La transplantation pulmonaire (LTx) demeure la norme de soins pour la maladie pulmonaire terminale1; cependant, la LTx présente des limites importantes, notamment une utilisation inadéquate des organes de donneurs2 et une mortalité sur liste d’attente de 40 %3, ce qui est plus élevé que toute autre greffe d’organe solide 4,5. Les taux d’utilisation des organes des donneurs sont faibles (20 à 30 %) en raison de préoccupations liées à la qualité des organes. La distance géographique excessive de transport, aggravée par des critères rigoureux d’acceptation des organes du donneur, exacerbe ces préoccupations en matière de qualité. LTx est également à la traîne d’autres greffes d’organes solides en termes de greffe à long terme et de résultats pour les patients2. Le dysfonctionnement primaire du greffon (DPI), le plus souvent causé par une lésion de reperfusion ischémique (IRI), représente la principale cause de mortalité et de morbidité à 30 jours après la LTx et augmente le risque de dysfonctionnement chronique du greffon 6,7. Les efforts visant à réduire l’IRI et à prolonger les temps de transport en toute sécurité sont primordiaux pour améliorer les résultats pour les patients.
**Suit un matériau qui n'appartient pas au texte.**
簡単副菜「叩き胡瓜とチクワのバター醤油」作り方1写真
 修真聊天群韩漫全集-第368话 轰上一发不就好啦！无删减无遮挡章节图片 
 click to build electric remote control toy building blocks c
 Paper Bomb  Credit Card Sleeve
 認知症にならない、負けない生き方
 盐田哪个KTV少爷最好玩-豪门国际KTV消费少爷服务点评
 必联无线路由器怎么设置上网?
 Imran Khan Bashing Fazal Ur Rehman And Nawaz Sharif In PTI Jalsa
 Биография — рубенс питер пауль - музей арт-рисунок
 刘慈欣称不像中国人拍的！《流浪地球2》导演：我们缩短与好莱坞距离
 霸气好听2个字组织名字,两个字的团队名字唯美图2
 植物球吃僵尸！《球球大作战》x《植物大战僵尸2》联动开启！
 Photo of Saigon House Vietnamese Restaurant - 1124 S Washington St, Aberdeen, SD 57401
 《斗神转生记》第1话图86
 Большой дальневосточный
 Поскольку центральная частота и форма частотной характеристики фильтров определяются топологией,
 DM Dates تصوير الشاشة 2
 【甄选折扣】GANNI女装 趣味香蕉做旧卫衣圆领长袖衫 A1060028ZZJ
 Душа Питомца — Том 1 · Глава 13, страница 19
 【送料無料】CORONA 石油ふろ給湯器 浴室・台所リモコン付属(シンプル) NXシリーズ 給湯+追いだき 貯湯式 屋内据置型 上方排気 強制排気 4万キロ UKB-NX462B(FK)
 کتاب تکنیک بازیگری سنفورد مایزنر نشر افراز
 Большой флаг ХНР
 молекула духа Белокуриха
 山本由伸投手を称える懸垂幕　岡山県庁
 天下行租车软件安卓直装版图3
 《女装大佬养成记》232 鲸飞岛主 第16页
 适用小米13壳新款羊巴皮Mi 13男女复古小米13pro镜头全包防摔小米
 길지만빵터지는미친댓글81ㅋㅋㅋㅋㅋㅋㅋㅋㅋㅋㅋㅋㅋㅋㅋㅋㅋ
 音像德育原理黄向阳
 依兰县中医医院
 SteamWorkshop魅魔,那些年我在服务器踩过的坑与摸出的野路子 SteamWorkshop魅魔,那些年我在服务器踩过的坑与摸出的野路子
La perfusion pulmonaire ex situ (ESLP) est une technologie innovante qui s’est révélée prometteuse pour atténuer ces limitations. ESLP facilite la préservation, l’évaluation et le reconditionnement des poumons de donneurs avant la transplantation. Il a montré des résultats satisfaisants à court et à long terme après la transplantation de poumons de donneurs à critères étendus (DPE), contribuant à une augmentation du nombre de poumons de donneurs appropriés pour la LTx, avec des taux d’utilisation des organes augmentant de 20% dans certains centres 8,9,10. Par rapport à la norme clinique actuelle pour LTx, la conservation statique à froid (CSP), ESLP offre plusieurs avantages: le temps de conservation des organes n’est pas limité à 6 h, l’évaluation de la fonction de l’organe est possible avant l’implantation, et en raison de la perfusion continue des organes, des modifications peuvent être apportées au perfusat qui optimise la fonction de l’organe11.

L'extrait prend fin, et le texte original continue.